En Buenos Aires la mirada oficial y también la periodística dejan afuera la Ciudad pobre, que termina ocultada, aunque se pretenda comprenderla a través de mecanismos intelectuales.
Sin embargo, esa pobreza social asume rasgos andrajosos y emerge con insolente crudeza en lamparones imposibles de ignorar, por ejemplo en Constitución, en Congreso, en Once, sitios que ni pisan los poderosos de la política y, lamentablemente, tampoco exploran a fondo los medios periodísticos.
De la Ciudad, empero, emana un temor colectivo, difuso pero ostensible. Se lo ve en los ojos de las personas. Es un espasmo de miedo, entrelazado con malhumor más o menos sistémico, desasosiego esencial no registrado por los dueños de la agenda política.
Desde el poder, se nos insta a que aumentemos nuestra autoestima como argentinos, sugerencia válida, que sería creíble si quienes la formulan supieran en qué océano de verdaderas indigencia e indignidad a menudo navegamos como sociedad.
Resultado de esa distancia formidable entre ingenuo optimismo de autoayuda y las condiciones tangibles de la penuria a la vista, muchos porteños son cínicos seriales que a veces estallan en agresivo sarcasmo.
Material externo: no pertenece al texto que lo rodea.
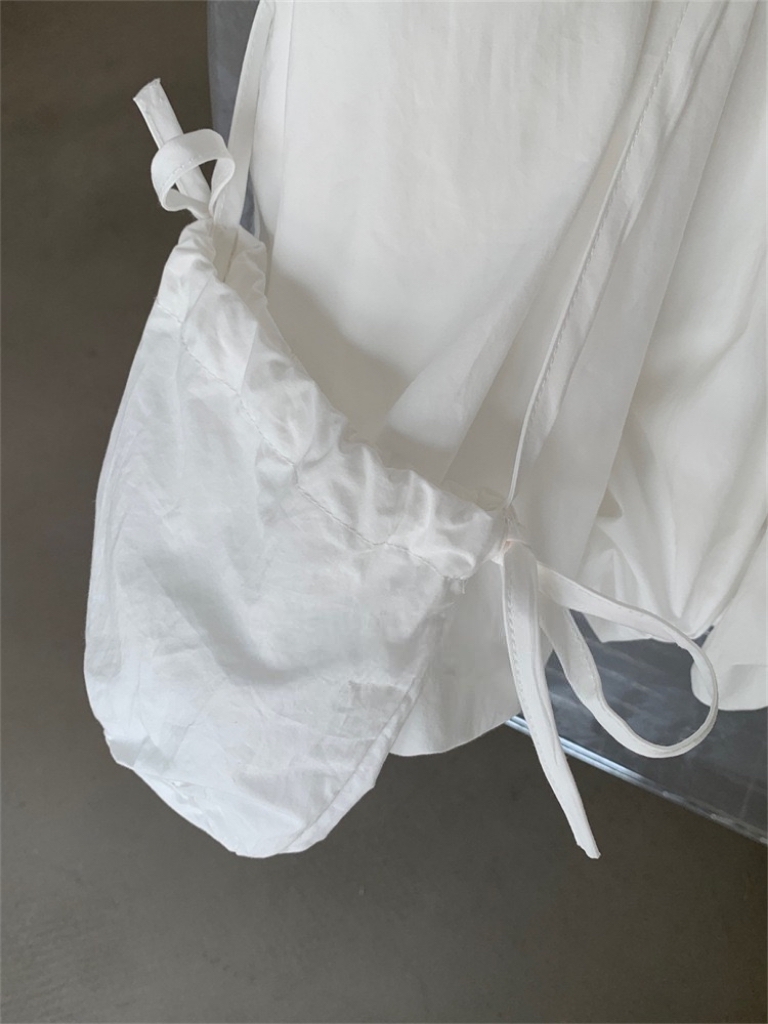 Agnes Puffy Dress free small crossbody bag 韩系减龄甜美背心花苞连衣裙配送🎁同色包包 ( 3 colours )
Aun cuando los esfuerzos de puesta en valor de bienes y espacios de la Ciudad son evidentes y se han venido ejecutando de maneras diversas y con variadas velocidades, la sensación persistente de abandono dramatiza una verdad penosa. La Ciudad renueva y recompone mucho, es cierto, pero, por acción y omisión, es incapaz de preservar y mantener lo que pone a nuevo.
Todo verdor perece aquí enseguida aniquilando el resultado de costosos operativos. Ese abandono es un fenómeno de pobreza cultural desesperante: no importa qué eficaz sea un jefe de Gobierno, si la sociedad repudia en los hechos el mejoramiento de su existencia como comunidad.
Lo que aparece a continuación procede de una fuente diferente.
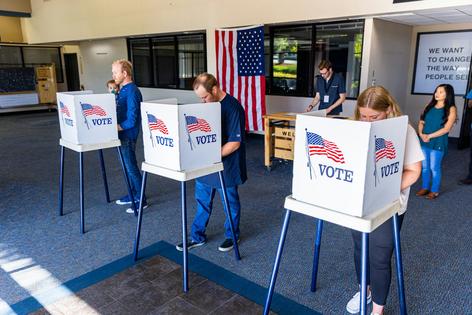 Independent voter turnout in midterm elections usually lags behind that of Republicans and Democrats. adamkaz/Getty Images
La pobreza, innegable e hiriente, es obviamente sufrida, antes y más que nadie, por los pobres, pero el vandalismo, la destrucción caprichosa e imprevisible de los bienes de todos es convalidado por poderes políticos, que ven en las conductas antisociales meras consecuencias penosas de la marginalidad, a la que –a su vez– consideran exclusivamente producida por la superexplotación y la desigualdad de ingresos.
Otra vez la invisibilidad: sin una política deliberada que les permita tener contacto físico con la decadencia del contexto, los gestores del poder no tienen manera de darse cuenta. Son víctimas del proverbial apunamiento de las moquettes. Como pisan alfombrados donde los tacos aguja no repiquetean y andan en helicóptero, no pueden metabolizar la experiencia de ese deterioro en acto.
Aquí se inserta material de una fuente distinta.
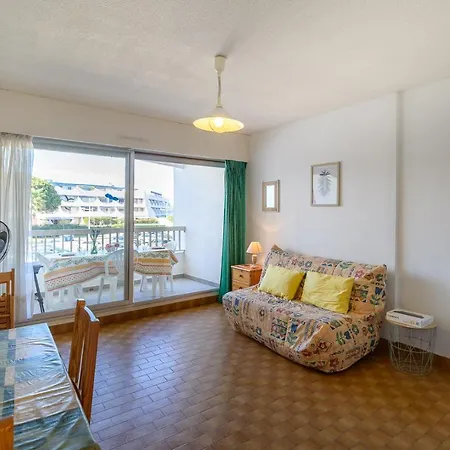 Apartment Donnant Sur Le Port De Plaisance De Port Camargue Et A Proximite Des Plages *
Ayuda (y mucho) a que lo evidente se haya hecho invisible el carácter ruidoso y caótico de la Capital Federal, loquero urbano donde la anomia legal se da la mano con una desobediencia e indocilidad fenomenales. Las conductas ilegales o directamente antilegales son asumidas como males menores por una población con fuertes dosis de hipocresía para lubricar su enemistad con el orden constituido.
Peor todavía, un populismo ramplón y reaccionario equipa la ignorancia de las normas con conductas transgresoras supuestamente progresistas, pese a que encarnan los aspectos más rancios de un anarquismo retardatario. No ver es no querer ver. Es una decisión política, y en ella convergen gobernantes y habitantes del mundo de los medios.